RB JEROME BEL
spectacles > pichet klunchun and myself > presse > 11.2007 - village voice

En 1983, RoseLee Goldberg mettait à jour son livre incontournable datant de 1979 : “Performance: Live Art, 1909 to the Present”, et changeait son titre en : “Performance Art: From Futurism to the Present”. En 2005, réalisant probablement la difficulté de garder le contact avec les formes émergentes, elle décida de créer un festival biennal à New York. A l’occasion de Performa 07, les théâtres dans toute la ville hébergent des intersections et des interactions entre les arts visuels, le théâtre, le cinéma, et la danse.

(…) C’est une forme de collaboration différente qu’on observe au Dance Theater Workshop (DTW) avec la pièce de Jérôme Bel “Pichet Klunchun and Myself”, non pas entre des formes d’art différentes, mais entre des styles de danse qui viennent de traditions et de modes de vie différents. Assis l’un en face de l’autre sur des chaises la plupart du temps, le chorégraphe post-moderne Jérôme Bel et Pichet Klunchun, un maître du Khon (la danse classique de Thaïlande), essaient de comprendre leurs arts respectifs à travers des questions, des démonstrations, et des leçons. Les deux hommes sont d’une magnifique simplicité, et les remarques qui révèlent leurs différences culturelles sont à la fois émouvantes et extrêmement drôles. Ils doivent avoir joué cette pièce de nombreuses fois, mais leurs pauses pour réfléchir donnent une impression de parfaite spontanéité (ils jouent la surpise de façon charmante).

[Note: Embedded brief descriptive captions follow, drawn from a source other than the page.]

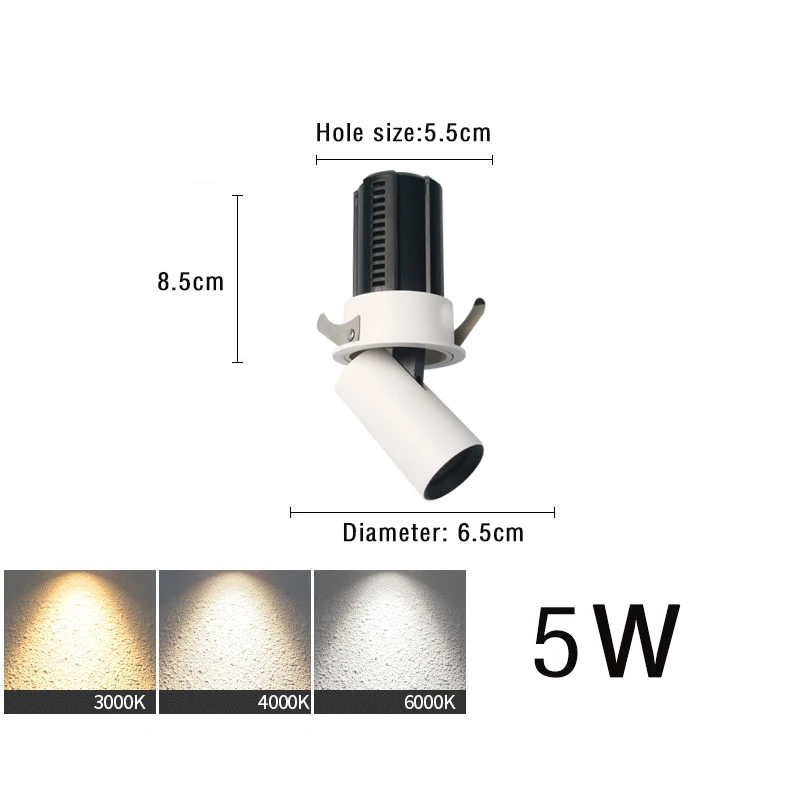 5W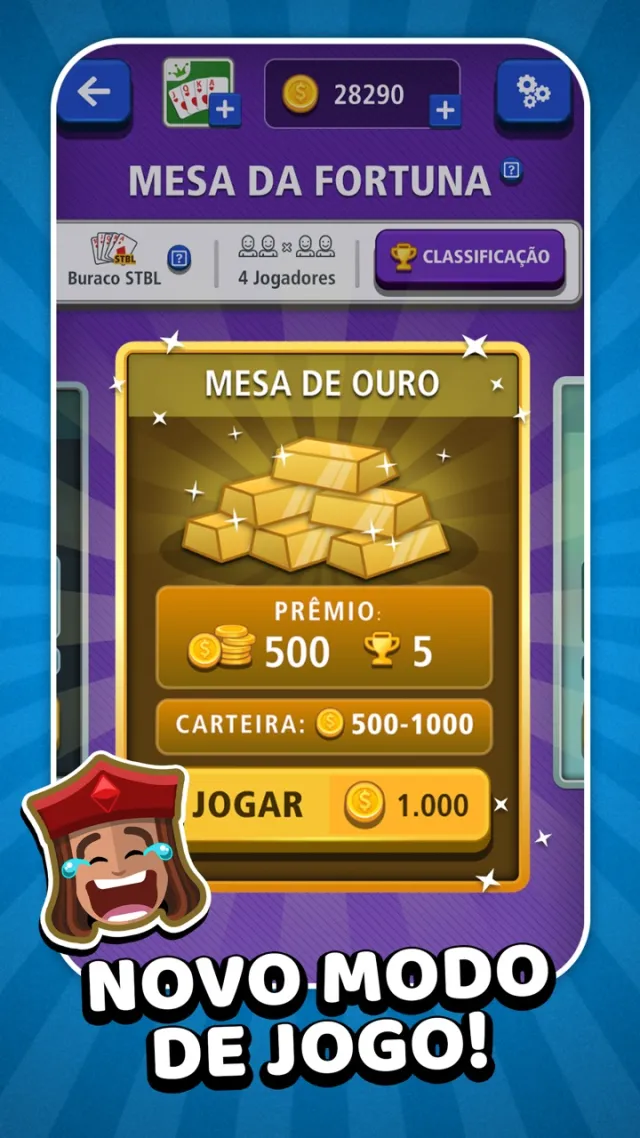 Buraco Jogatina: Jogo de Carta | Jogos | XWorld
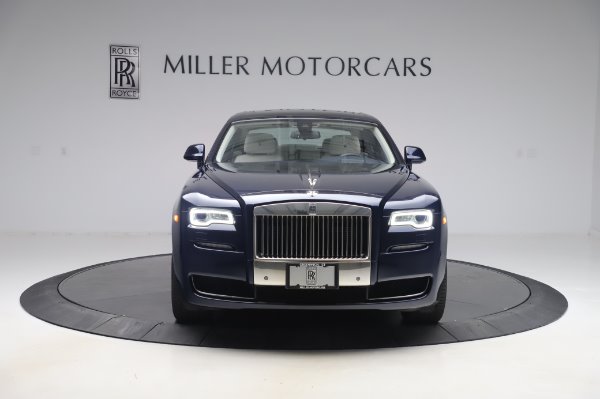 Used 2016 Rolls-Royce Ghost for sale Sold at Aston Martin of Greenwich in Greenwich CT 06830 2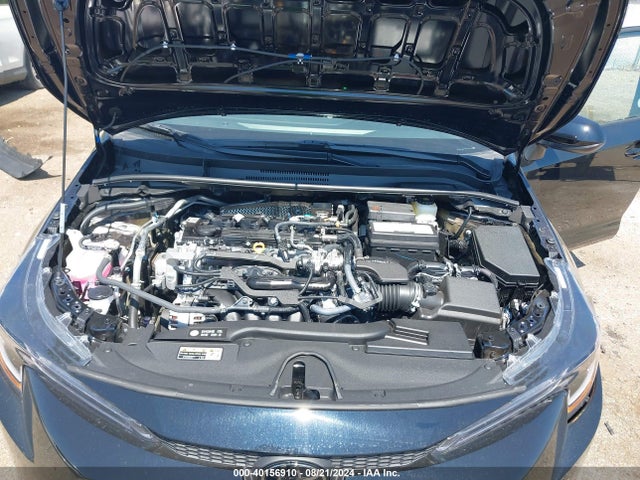 Toyota COROLLA LE 2024 5YFB4MDE2RP195676 Image 10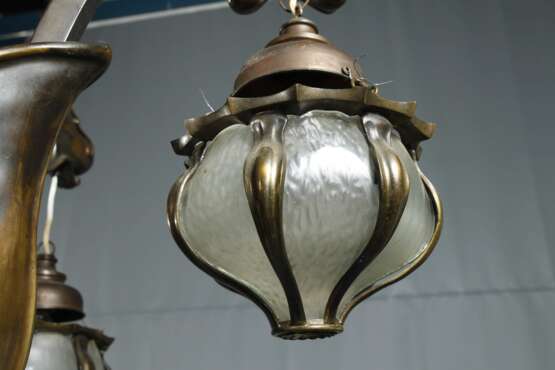 Deckenlampe Jugendstil - Foto 6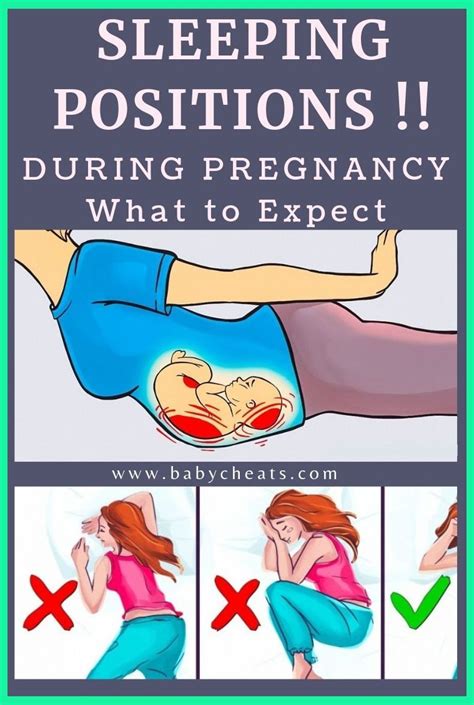 Pin On Pregnancy Sleeping Tips
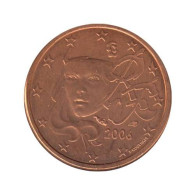 FR00106.1 - FRANCE - 1 Cent - 2006 - Francia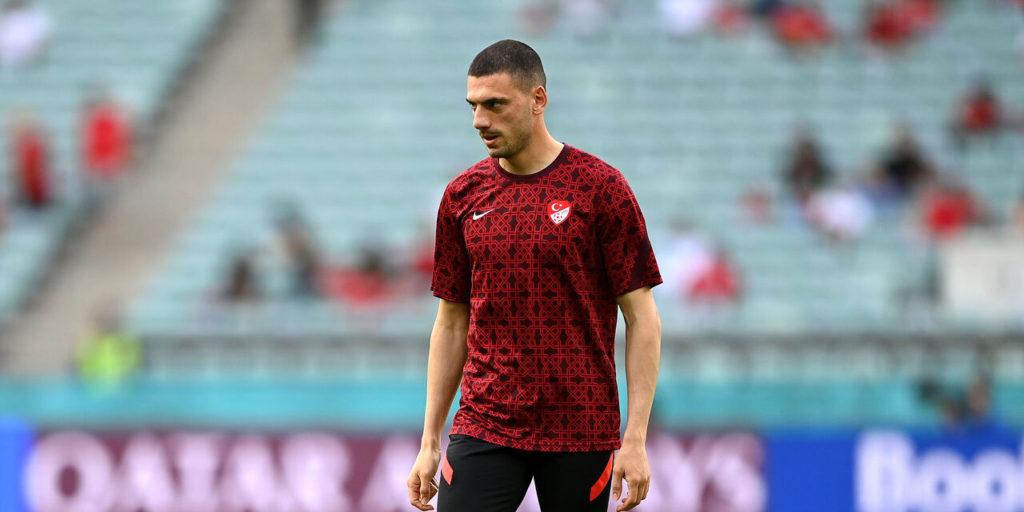 Demiral, Atalanta, Juventus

D’un premier abord, le gouffre entre eux deux semble infranchissable. Jérôme Bel a rejeté la danse en tant que démonstration d’une virtuosité dont les éléments sont prévisibles (on va voir “Le Lac des Cygnes” et on y verra un lac et des cygnes), alors que Pichet Klunchun suit des règles qui gouvernent une forme artstique exacte depuis des siècles, même si le gouvernement thaïlandais actuel ne subventionne la danse que dans la mesure où elle est une attraction touristique. Pourtant les deux artistes, dans un certain sens, sont des rebelles dans leur pays.

Quand Pichet Klunchun montre les quatre rôles possibles dans le drame dansé du Khon (homme, femme, démon, et singe), Jérôme Bel a du mal a discerner les différences. Oui, il voit bien que les femmes gardent les jambes plus serrées que les hommes. Mais les démons ? Et les singes ? Il est très surpris de ce que de tous petits degrés dans l’échelle d’un mouvement de la main fasse toute la différence. Quand Jérôme Bel montre l’une de ses scènes préférées, rester immobile et regarder autour de soi le public et le plateau, Pichet Klunchun est surpris et déçu. Les explications commencent alors à faciliter la compréhension. Les mains ployées vers l’arrière de Pichet Klunchun, que Jérôme Bel admire dans un premier temps comme une démonstration de flexibilité, redirige en fait l’énergie vers le centre du corps de la même manière que le toi incurvé d’un temple bouddhiste renferme et protège son centre spirituel. Jérôme Bel est incapable de voir de la violence dans les gestes d’attaque élégamment contrôlés de Pichet Klunchun, mais quand Pichet Klunchun explique la signification très insultante de faire une pichenette du petit doigt avec le pouce, il comprend (et il est prévenu qu’il vaut mieux de pas s’y essayer dans les rues de Bangkok). Pourtant, devançant toute explication, il est touché par l’interprétation hypnotique de Pichet Klunchun d’une femme cachant, et ce faisant révélant subtilement, sa douleur suite à la mort de son mari. Et quand Jérôme Bel prend le temps de la chanson "Killing Me Softly" pour se baisser lentement jusqu’au sol, arrêter de chanter en play-back Roberta Flack, et s’étendre là jusqu’à la fin de la chanson, Pichet Klunchun se souvient de la mort de sa mère et est ému.

Pendant près de 90 minutes, ces deux hommes se parlent et nous parlent des différentes perceptions culturelles du temps, des manières dont les histoires peuvent être racontés en danse, des objectifs que se fixent les artistes, des bureaucraties hostiles, des réactions des publics qu’ils rencontrent, et des barrières de leurs sociétés respectives.